New York Times (Opinion)
By Ross Douthat
March 16, 2016
Even
in the last limping years of his deeply unpopular administration,
George W. Bush was still popular with Republican voters. After Barack
Obama took office, Bush’s image popped up in anti-Obama
iconography, with a cheeky “miss me yet?” attached. And as his
presidency receded, Bush’s favorable ratings floated upward, rising
above President Obama’s and Hillary Clinton’s as the 2016 campaign got
underway.
These
numbers were no doubt present in Jeb Bush’s consciousness when he made
his fateful and destructive decision to run for president. But they were
also clearly part of Marco Rubio’s read
on the Republican Party, which ultimately led him to last night’s
campaign-ending defeat: Even more than George W. Bush’s own brother,
Rubio tried to make himself an heir to Bushism, and to build a bridge
between the last Republican administration and the
one that he aspired to lead.
Rubio’s
defeat, like most in politics, had many causes: a weak ground game, a
media strategy that was overwhelmed by Donald Trump’s cable-TV
dominance, a persona and positioning that made
him a second choice all over the map but a winner hardly anywhere, a
youthful mien in a “hard man for hard times” election, and of course
that one dreadful New Hampshire debate.
But
in purely ideological terms, what primary voters were rejecting when
they rejected him was the political synthesis of George W. Bush.
In
domestic politics, that synthesis had four pillars: a sincere social
conservatism rooted in a personal narrative of faith; a center-hugging
“compassionate conservatism” on issues related
to poverty and education; the pursuit of comprehensive immigration
reform as a means to win Latinos for the G.O.P.; and large
across-the-board tax cuts to placate the party’s donors and supply-side
wing.
In
foreign policy, Bushism began with the promise of restraint but
ultimately came to mean hawkishness shot through with Wilsonian
idealism, a vision of a crusading America whose interests
and values were perfectly aligned.
From
his arrival in Washington, Rubio seemed intent on imitating this
combination of ideas. He associated himself with neoconservative foreign
policy proposals and personnel. He became the
face of comprehensive immigration reform, take three. He wooed a rising
generation of evangelical and Catholic activists. He filled out a
domestic policy portfolio with “reform conservative” ideas on welfare
reform, health care, higher education and family-friendly
tax policy. And then to make sure nobody accused him of being some sort
of redistributionist squish, he attached those ideas to a sweeping
capital gains and corporate tax cut.
Politically
it was by no means a crazy strategy. For all his blunders, George W.
Bush is still the only Republican candidate for president to win the
popular vote in the last 25 years, and
the only figure to successfully unite and lead a fractious party. Parts
of Bushism look more optimistic, inclusive and economically relevant
than either the angrier Tea Party message that Rubio piggybacked on in
his 2010 Senate campaign or the generic “Mr.

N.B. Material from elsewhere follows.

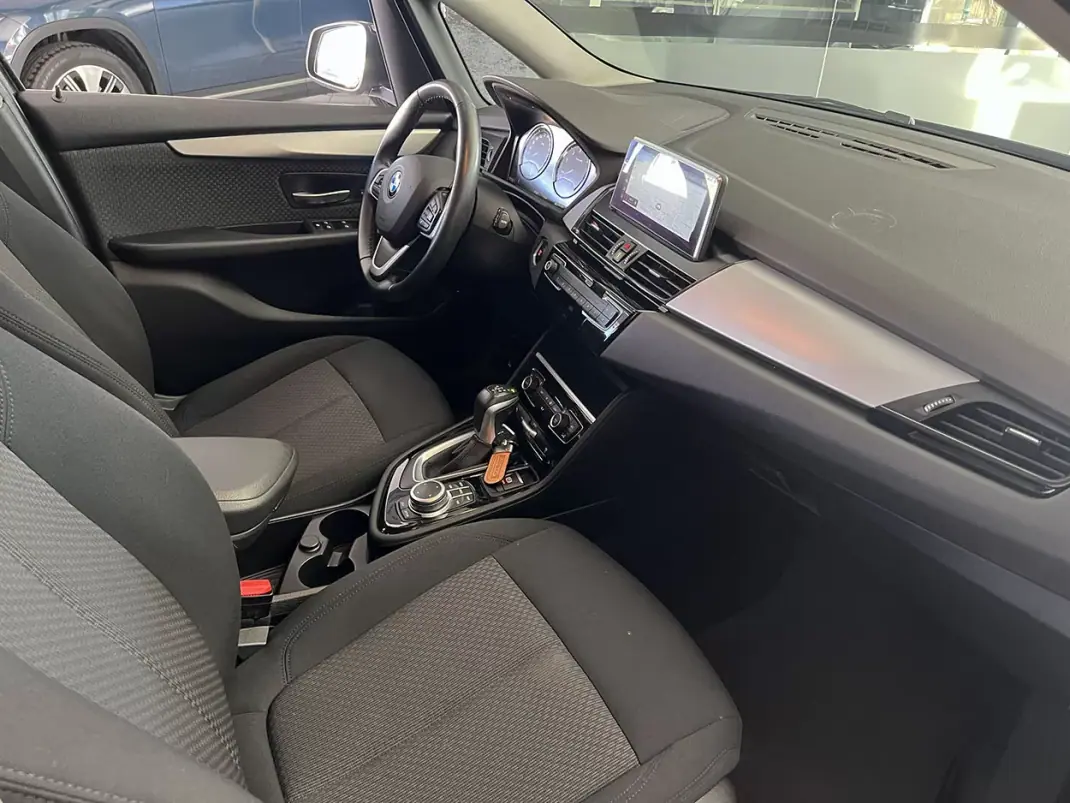 BMW 225xe Active Tourer 2021 - 21600 EUR, 67368 km - AUTO.MOTO.pt - 67368km - foto 17 de 25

Republican” messages that John McCain and Mitt Romney lost with in 2008
and 2012. And with the Middle East in flames, Russia increasingly
aggressive and the Islamic State camped out in Iraq and Syria, you can
see why many conservative elites imagined that
Americans — and Republican primary voters, especially — might want a
more hawkish, even Bushian successor to Barack Obama.
But alas for Rubio it turned out that Republicans didn’t want any of this.
They
didn’t want comprehensive immigration reform, which shouldn’t have been
surprising because they hadn’t wanted it when Bush was president,
either; it was an idea that had hung around
and hung around without ever finding a conservative constituency
outside Washington.
They
didn’t want an optimistic, next-generation version of social
conservatism, preferring either Ted Cruz’s old-time religion or Donald
Trump as the church’s heathen bodyguard in a post-Christian
landscape.
They
didn’t care about the size of Rubio’s tax cut, because all the
candidates were promising a big tax cut, they were all equally
implausible, and voters — even conservative voters — just
aren’t as tax-obsessed as they were in the Reaganite glory days.
They
did want, perhaps, a different domestic policy than the uncreative
platform Romney had offered, one that promised less to the wealthy and
more to the working class. But Rubio’s halfhearted
reform conservatism was outbid and overwhelmed by Trump’s brassy
promises to renegotiate trade deals, slap on tariffs, leave entitlements
untouched and bring back the jobs of 1965.
And
they did want a kind of hawkishness — but not a Wilsonian hawkishness,
in service to an ambitious grand strategy to stabilize or remake the
Middle East. No, they wanted a Jacksonian hawkishness,
one that promised to rain destruction on our enemies without the mess
of nation building.
These
desires don’t add up to a new Republican synthesis, and the candidates
who have catered to them more successfully haven’t devised one. Trump’s
populist, illiberal Jacksonianism can’t
unite the party the way Bush once did, and Cruz’s hard-edge social and
economic conservatism probably can’t win the median voter the way
Bushism did twice (well, once plus a close second).
But they do add up to the
desire for a new synthesis, and an understanding that whatever
the Republican Party needs now, it can’t just be what worked for Bush
and Karl Rove until Iraq went sour and Wall Street melted down.
At
times, Rubio’s biography, his youth and his eloquence seemed to make
him the natural candidate for a party in search of What Comes Next. And
in certain ways he was victimized by a conservative
electorate that fears the future, that wants any “new” synthesis to
simply recreate the glories of a vanished American past.
But
he was also a victim of his own fateful look backward, his assumption
that what worked for the last Republican president could be made to work
again. It didn’t, it couldn’t, and it probably
won’t be tried again: Whoever wins the nomination in 2016, George W.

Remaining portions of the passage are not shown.